The SBA Woman-Owned Small Business Program

By Ariana Billingsley, PTAC Counselor at East Carolina University

Woman-owned small businesses may soon be eligible for sole-source federal contracts if the current 2015 NDAA is approved by the U.S. Senate. Currently, contracting officers are unable to award sole-source contracts through the WOSB program. All other major small business contracting programs (8(a), HUBZone and SBVOSB) have this ability – and this change could fix that inequity.

The road to the WOSB program we know today has been long and hard. The first aspects of the program emerged in 1979 with Executive Order 12138, which stated that “each department and agency shall take affirmative action in support of women’s business enterprise, to include providing:

  • Management, technical, financial, and procurement assistance
  • Business-related education, training, counseling and information dissemination
  • Contract opportunities “

Fifteen years later, the Federal Acquisition Streamlining Act of 1994 established a 5% government-wide goal for contract and subcontract awards to WOSB for each fiscal year.

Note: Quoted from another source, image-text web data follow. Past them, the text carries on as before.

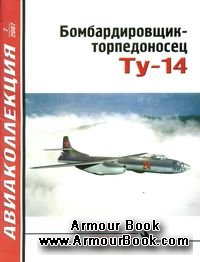 Бомбардировщик-торпедоносец Ту-14 [Авиаколлекция 2007'07]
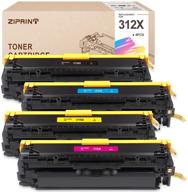 ziprint remanufactured cartridge replacement printers logo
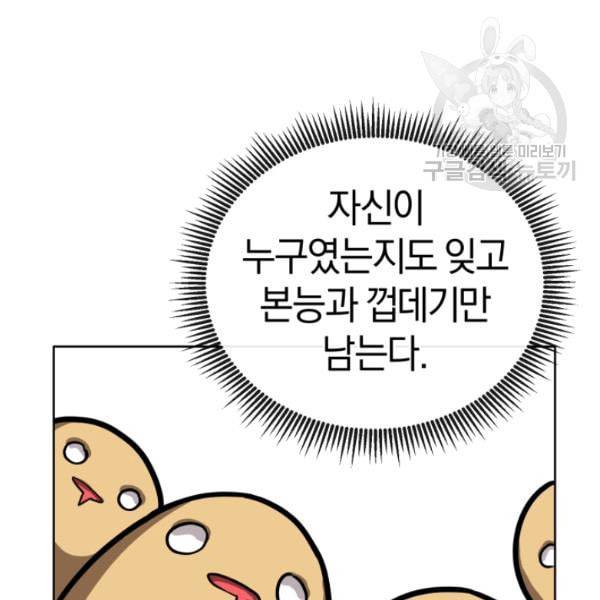 던전 마제스티 11화 59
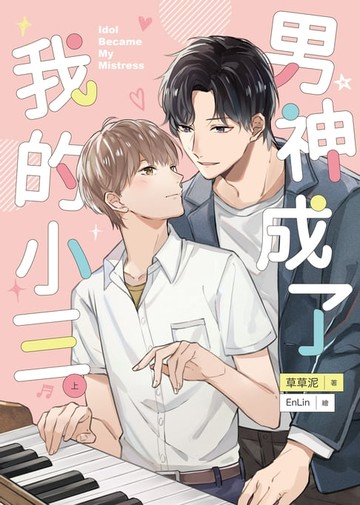【電子書】男神成了我的小三（上）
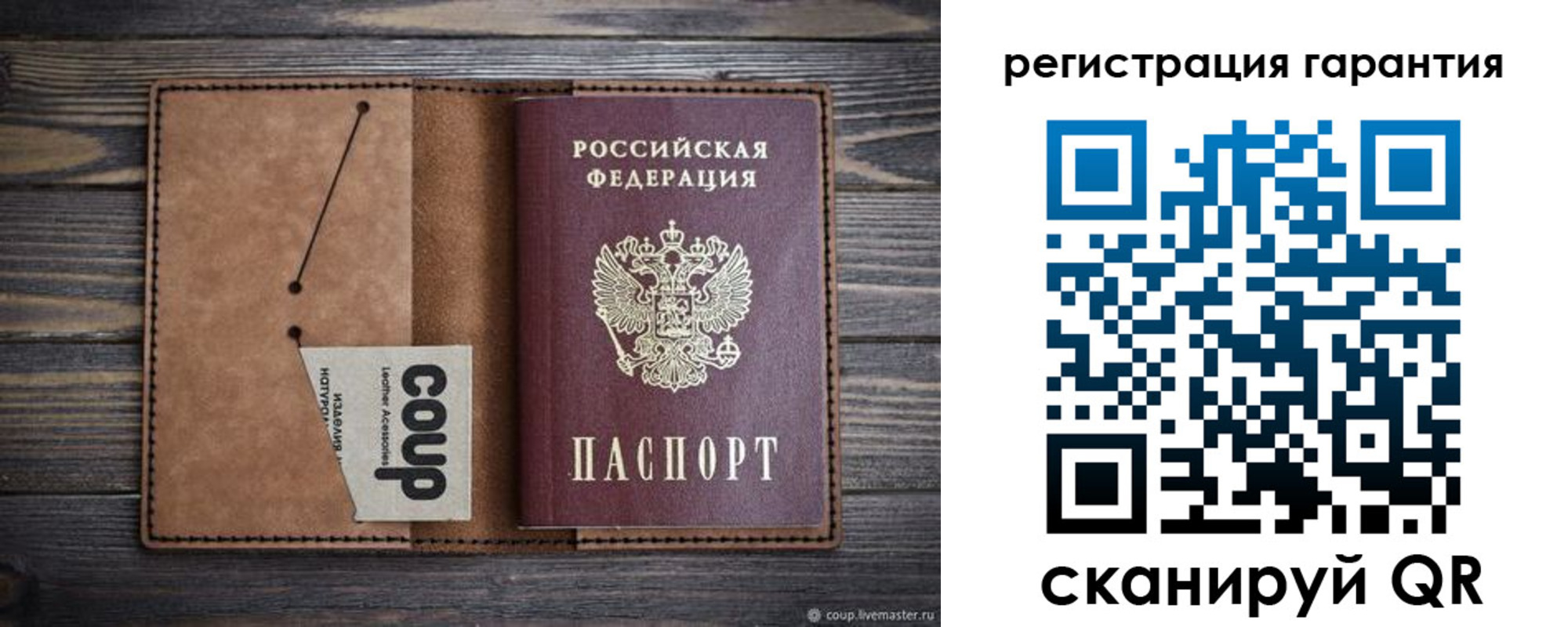 прописка для работы в Ногинске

On December 21, 2000, Congress enacted the Small Business Reauthorization Act of 2000. Section 811 of that Act added a new section, 8(m), authorizing Federal contracting officers to restrict competition to eligible Women-Owned Small Businesses (WOSBs) or Economically Disadvantaged Women-Owned Small Business (EDWOSBs) for Federal contracts in certain industries. The purpose of this authority, referred to as the WOSB Program, was to enable contracting officers to identify and establish a sheltered market for competition among WOSBs or EDWOSBs for the provision of goods and services to the Federal Government. It would be another 10 years, October 2010, before the SBA would issue a final rule for the implementation of the program.

The WOSB program went live in February 2011. As a result, contracting officers may now set-aside contracts for EDWOSBs or WOSBS under the program if: (1) there is a reasonable expectation that, in industries in where WOSBs are underrepresented, two or more EDWOSBs will submit offers for the contract or, in industries where WOSBs are substantially underrepresented, two or more WOSBs will submit offers for the contract; and (2) in the estimation of the contracting officer, the contract can be awarded at a fair and reasonable price.

Originally, when the program went live in 2011, contracting officers could only set-aside a requirement under the WOSB program if the anticipated award price of the contract did not exceed $5 million in the case of manufacturing contracts and $3 million in the case of all other contracts. In 2012, SBA amended its regulations to adjust these statutory thresholds for inflation, so the anticipated award prices of the contract awarded under the WOSB Program were increased to $6.5 million in the case of manufacturing contracts and $4 million in the case of all other contracts. Even with this adjustment for inflation, these dollar value restrictions on awards under the program limited a contracting officer’s ability to set-aside contracts for WOSBs or EDWOSBs. As a result, Section 1697 of the National Defense Authorization Act for Fiscal Year 2013, Public Law 112–239, amended the Small Business Act and removed these dollar value limitations.

Earlier this year the House passed the 2015 National Defense Authorization Act. While NDAA always bring some changes, this particular one may represent an important milestone for women owned small business. Included in the 2015 NDAA is an amendment authorizing Woman-Owned Small Business (WOSB) and Economically Disadvantaged Women-Owned Small Businesses (EDWOSB) to receive sole source contracts. If the Senate agrees to the House amendment, and the President signs the bill into law, WOSBs could begin receiving sole source contracts in the not-too-distant future.